__What you will do__. Copy, from the entries below, each line where the word "Honda" can be found.

__Caption-style text data__.
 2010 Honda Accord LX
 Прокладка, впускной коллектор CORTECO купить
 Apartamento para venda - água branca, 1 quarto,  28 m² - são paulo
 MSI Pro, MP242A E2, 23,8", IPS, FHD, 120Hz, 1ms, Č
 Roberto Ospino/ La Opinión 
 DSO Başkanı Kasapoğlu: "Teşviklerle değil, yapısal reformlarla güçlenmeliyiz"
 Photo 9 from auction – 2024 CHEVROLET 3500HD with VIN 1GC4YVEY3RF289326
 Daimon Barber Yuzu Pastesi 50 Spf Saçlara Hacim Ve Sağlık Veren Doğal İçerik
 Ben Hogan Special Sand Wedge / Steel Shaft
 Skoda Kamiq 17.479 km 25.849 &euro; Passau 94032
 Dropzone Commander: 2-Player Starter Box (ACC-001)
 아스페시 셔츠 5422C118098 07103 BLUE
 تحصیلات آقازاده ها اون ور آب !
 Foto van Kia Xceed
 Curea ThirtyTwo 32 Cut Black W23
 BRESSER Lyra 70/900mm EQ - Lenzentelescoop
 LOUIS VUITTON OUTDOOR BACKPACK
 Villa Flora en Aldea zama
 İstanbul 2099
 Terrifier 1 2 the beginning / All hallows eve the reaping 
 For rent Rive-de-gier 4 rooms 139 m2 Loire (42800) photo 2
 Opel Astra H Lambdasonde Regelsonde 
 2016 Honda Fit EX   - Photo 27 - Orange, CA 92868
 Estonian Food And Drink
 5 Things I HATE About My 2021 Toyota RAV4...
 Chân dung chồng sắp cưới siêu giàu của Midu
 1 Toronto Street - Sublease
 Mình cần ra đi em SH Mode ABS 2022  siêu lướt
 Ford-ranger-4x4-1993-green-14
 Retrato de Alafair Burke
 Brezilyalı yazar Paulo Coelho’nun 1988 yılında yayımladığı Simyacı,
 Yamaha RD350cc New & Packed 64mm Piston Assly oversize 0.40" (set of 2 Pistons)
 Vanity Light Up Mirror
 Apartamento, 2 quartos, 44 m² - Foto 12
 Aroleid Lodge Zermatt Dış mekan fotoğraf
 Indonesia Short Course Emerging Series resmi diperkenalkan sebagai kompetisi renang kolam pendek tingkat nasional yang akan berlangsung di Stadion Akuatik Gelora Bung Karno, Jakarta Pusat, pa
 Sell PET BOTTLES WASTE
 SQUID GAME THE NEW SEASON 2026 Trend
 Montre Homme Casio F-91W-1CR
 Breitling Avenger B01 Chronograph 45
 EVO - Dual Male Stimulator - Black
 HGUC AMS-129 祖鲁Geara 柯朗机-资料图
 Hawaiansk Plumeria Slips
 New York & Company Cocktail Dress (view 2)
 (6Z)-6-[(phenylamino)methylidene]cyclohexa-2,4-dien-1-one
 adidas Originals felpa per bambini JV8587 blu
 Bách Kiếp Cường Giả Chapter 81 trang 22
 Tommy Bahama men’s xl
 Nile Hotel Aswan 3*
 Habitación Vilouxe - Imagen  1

__Written response__.
 2010 Honda Accord LX
 2016 Honda Fit EX   - Photo 27 - Orange, CA 92868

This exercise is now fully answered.